新・読書日記 2009_213
『新しい「教育格差」』(増田ユリヤ、講談社現代新書:2009、6、20)
かつての学力差は「都会と田舎の差」、つまり「生活環境の地域差」が「学力の格差」になっていたが、昨今は秋田が(学力が)高くて、大阪が低い。これは都会化の波に飲まれた地域・家庭における、安定的な教育環境の解体・崩壊が影響していると、著者は述べている。
特に名指しで上がってくる「大阪府」においては「生活習慣の乱れ」が顕著に見られると。具体的には「早寝・早起き・朝ごはん」という生活習慣がなされていない。また公立高校の授業料が、大阪府は全国一高い。うーん、大阪って・・・と考え込んでしまう。
先日発表された「市町村別の学力テスト」の平均点を見ると、大阪府内でも、明らかに自治体によって(住んでいるところによって)学力差が見られた。そしてそれは生活水準の差(生活保護受給世帯の分布)と一致しているように思えたのだが。
こういったことを是正するのは、学力だけに目を向けていても根本的な解決にならない。正に「政治」の力が必要とされる分野ではないか。
その昔、1961年の中学の学力テスト(全数調査)に関する「学テ闘争」では、逮捕者が出るまでの様相を見せたそうだ。結局、「予算=金」に帰結する部分もあるが、著者が言うように、学力テストと武道館建設に100億円かけるなら、そのお金でもっとすべきことはあると思う。これも「事業仕分け」の題材か?
なお11月30日の日経新聞朝刊では、大阪大学の志水宏吉教授が1964年の学力テストの時と現在の状況を比べて、都市部と地方との間の「都鄙(とひ)格差」から、子供と地域や家族との「つながり格差」へ移行したと指摘している。一見すると、増田さんの主張と全く同じ。
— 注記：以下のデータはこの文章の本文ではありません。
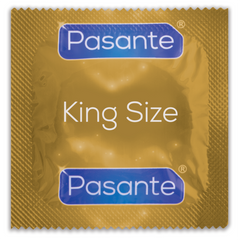 PRESERVATIVO PASANTE KING SIZE 3 UNIT¿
ちょっと説明が違ったのは、「つながり格差」というのは「持ち家率」「離婚率」「不登校率」の3つが学力に大きな影響を及ぼしている、と。すなわち「持ち家率」が高いほど、地域に住み近隣の人との付き合いが密であり(本当かな?)、近くに祖父母や親戚がいる確率も高く「つながり」が強く、また離婚や不登校の率が高いと、家庭生活の不安定さや家族関係のゆらぎがあるため、学力を上げることができない、と。当たり前っちゃあ、当たり前のことですね。ただ「不登校」は、原因ではなく結果だと思うんだけど。「学力」は、子供が勉強すれば済むというような単純な問題ではない、ということは言えますね。